Per la beatificazione di Madre Teresa Michel

Come possiamo legare monsignor Canestri e lo zio?
«È quello che più mi preme sottolineare in questo colloquio. Desidero affermare affermare con certezza che la figura di mio zio è stata fondamentale nella formazione spirituale e intellettuale del cardinale Canestri. Monsignor Ivaldi è stato una vera e propria guida spirituale, oltre che insegnante di greco e latino, che ha consentito al discepolo di superare le difficoltà del discernimento vocazionale e gli studi del liceo classico seguiti in seminario. Questo lo affermo perché abbiamo delle testimonianze proprio di Sua Eminenza che confermano chiaramente quanto detto».

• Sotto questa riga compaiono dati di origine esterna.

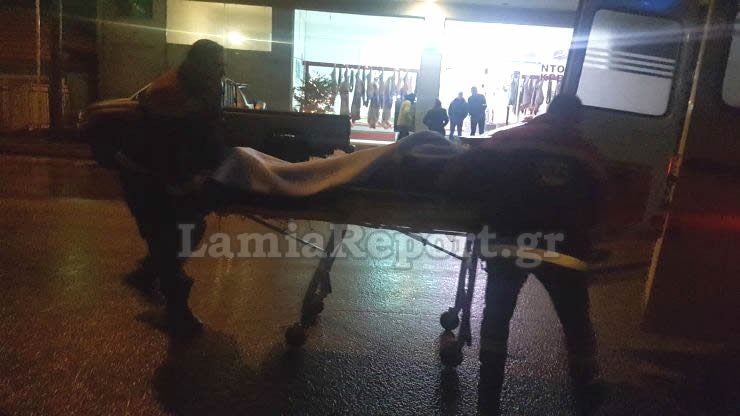 Λαμία: Αυτοκίνητο παρέσυρε και τραυμάτισε μητέρα με το μικρό παιδί στην αγκαλιά της [εικόνες] | iefimerida.gr 3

Di quali testimonianze si tratta?
«Partiamo dall’omelia del 18 aprile 1997 pronunciata durante la celebrazione per l’Ottavario della Salve in Cattedrale, quando il cardinal Canestri dice: “Parlando di sacerdoti alessandrini mi dovete permettere una parola su don Ivaldi, la devo dire da questo pulpito perché ho dei doveri gravi nei confronti di questo prete alessandrino. Era il nostro insegnante di letteratura latina e greca […]. Quante cose mi ha detto con il suo esempio e poi anche con la sua parola” (V. Rivista diocesana alessandrina – Dicembre 1997)».

Un ricordo anche in occasione della dedicazione di una via, nel natio paese di Oviglio, a “Mons. Paolo Ivaldi – Arcidiacono della Cattedrale-Teologo ed Umanista”.
«Sì, era il 17 settembre 2000 e il cardinale, venuto espressamente da Roma per presiedere la cerimonia, al termine dell’omelia aggiunge: “Addio e grazie, padre e maestro di vita, monsignor Ivaldi onore di Oviglio e gloria del clero alessandrino. Tu sei riuscito a coinvolgere le nostre giovinezze tormentate e trasparenti nell’avventura fascinosa di scegliere, a vent’anni, l’amore esclusivo per Gesù e il servizio per i fratelli”».

Mentre la terza testimonianza?
«Concludiamo con l’omelia del 10 marzo 1994. Quando il cardinal Giovanni Canestri è ad Alessandria per la ricorrenza del centenario di fondazione delle Apostole del Sacro Cuore di Gesù, di via Savonarola 65. Il cardinale ricorda con un accenno commovente gli anni del seminario e i suoi insegnanti, ma confessa di “nutrire un vero sentimento di venerazione per don Ivaldi, per il quale, aggiunge che, se la diocesi iniziasse un processo di beatificazione verrei volentieri a testimoniare”».

Don Ivaldi e i seminaristi in visita a Oropa

In diocesi è stata mai aperta una pratica di beatificazione?
«Una pratica è stata iniziata da alcuni sacerdoti anziani nel 1997, richiamata anche dall’Osservatore Romano del 10 giugno 2007 in occasione dell’ingresso in diocesi di S. E. monsignor Giuseppe Versaldi. Ma non venne poi proseguita, penso per il rapido succedersi di tre vescovi; ma di ciò, il devoto Discepolo e l’antico Maestro avranno modo di discettare nel Regno “che solo Amore e Luce ha per confine”».